Copy every entry exactly, but skip the pictures.

### Supplied entries

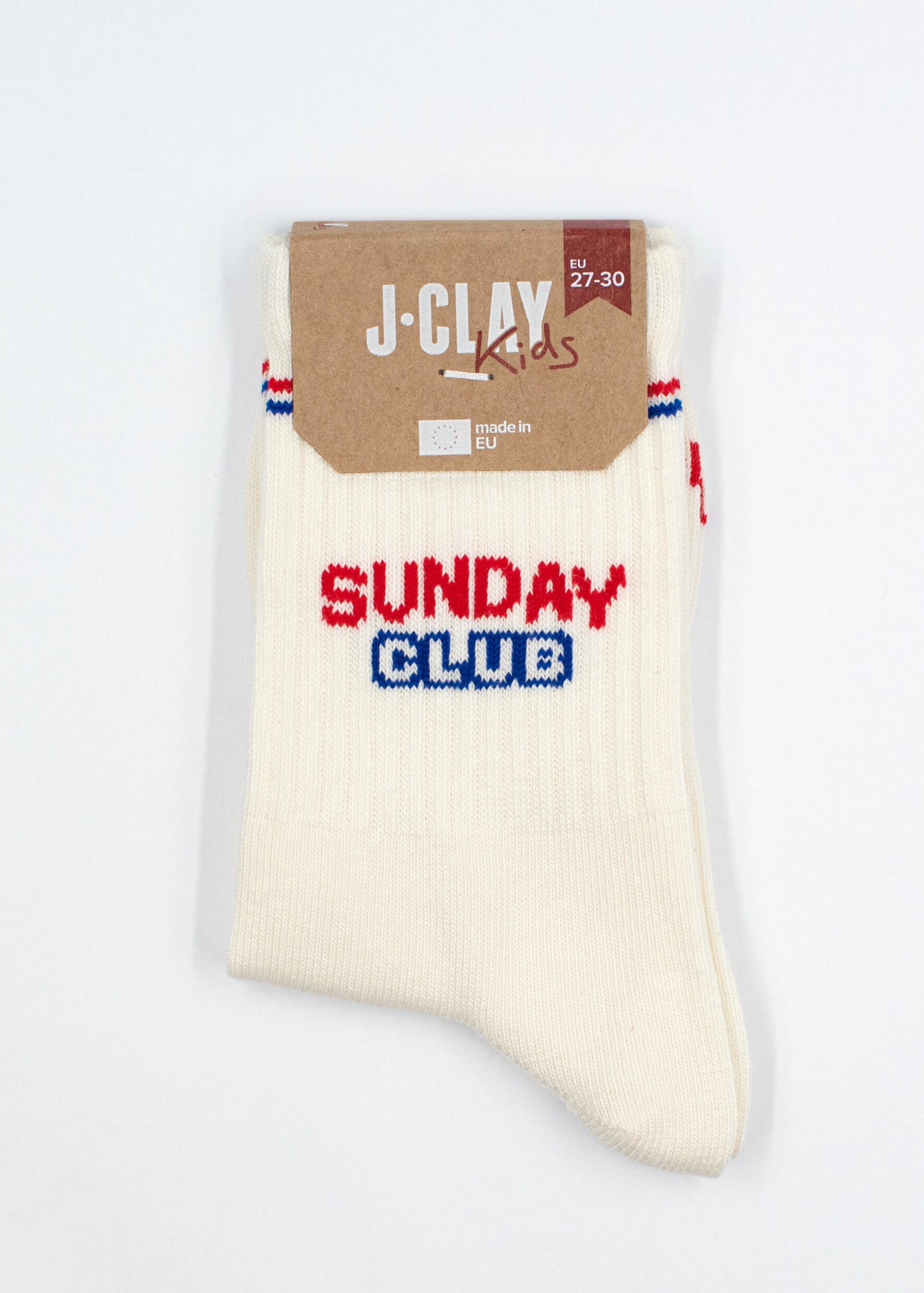 Sunday Club - Kids Pack
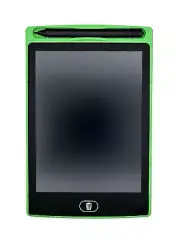 8.5" LCD Writing Tablet Environmentally Friendly save up to 100k pieces of paper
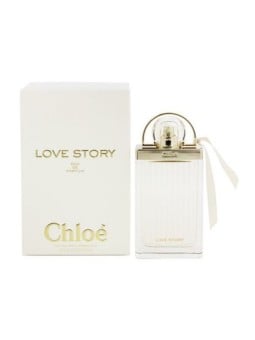 Chloe Love Story Eau de Parfum 50ml
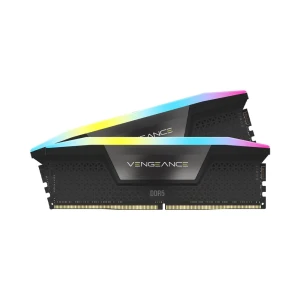 Օպերատիվ հիշողություն CORSAIR Vengeance RGB K4 CMH64GX5M4B6000C36 64 GB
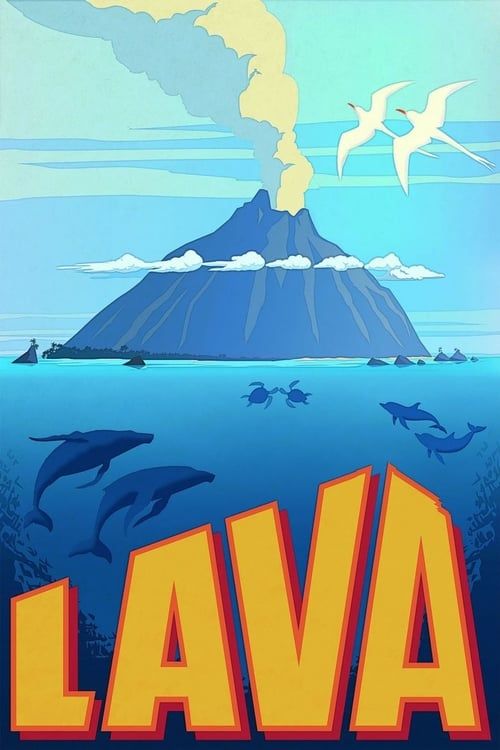 Key visual of Lava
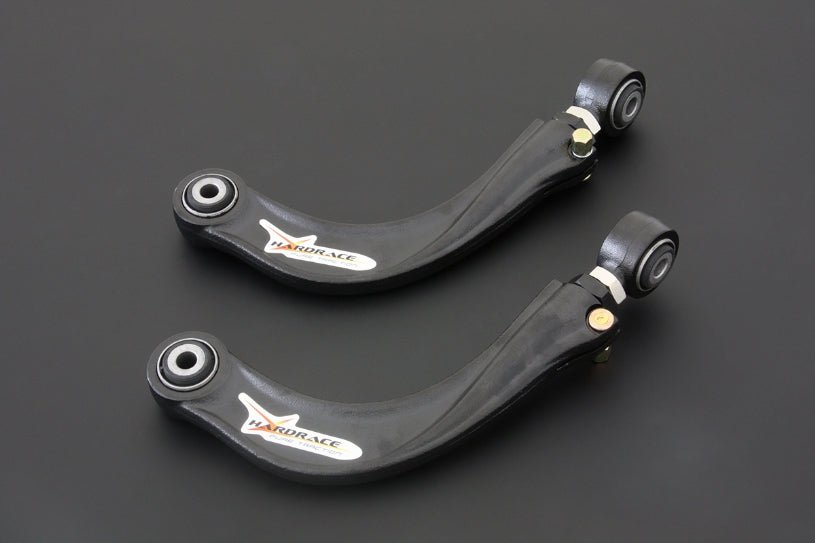 Kit corectie camber spate forjat Hardrace pentru Ford Focus / Focus RS / Mazda Mazda 3 / Mazda 5 / Volvo C30 / C70 - 645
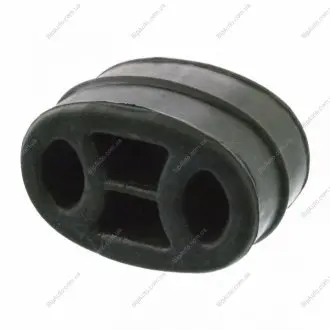 Елемент випускної системи FEBI FEBI BILSTEIN 17428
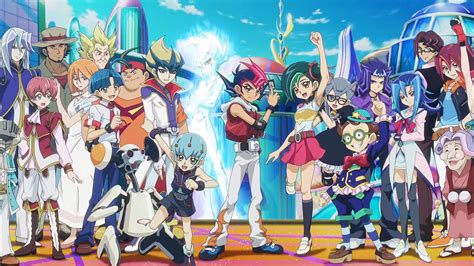 yu gi  zexal  shakimberryjr  deviantart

######

* **Response for this exercise**:
 Sunday Club - Kids Pack
 8.5" LCD Writing Tablet Environmentally Friendly save up to 100k pieces of paper
 Chloe Love Story Eau de Parfum 50ml
 Օպերատիվ հիշողություն CORSAIR Vengeance RGB K4 CMH64GX5M4B6000C36 64 GB
 Key visual of Lava
 Kit corectie camber spate forjat Hardrace pentru Ford Focus / Focus RS / Mazda Mazda 3 / Mazda 5 / Volvo C30 / C70 - 645
 Елемент випускної системи FEBI FEBI BILSTEIN 17428
 yu gi  zexal  shakimberryjr  deviantart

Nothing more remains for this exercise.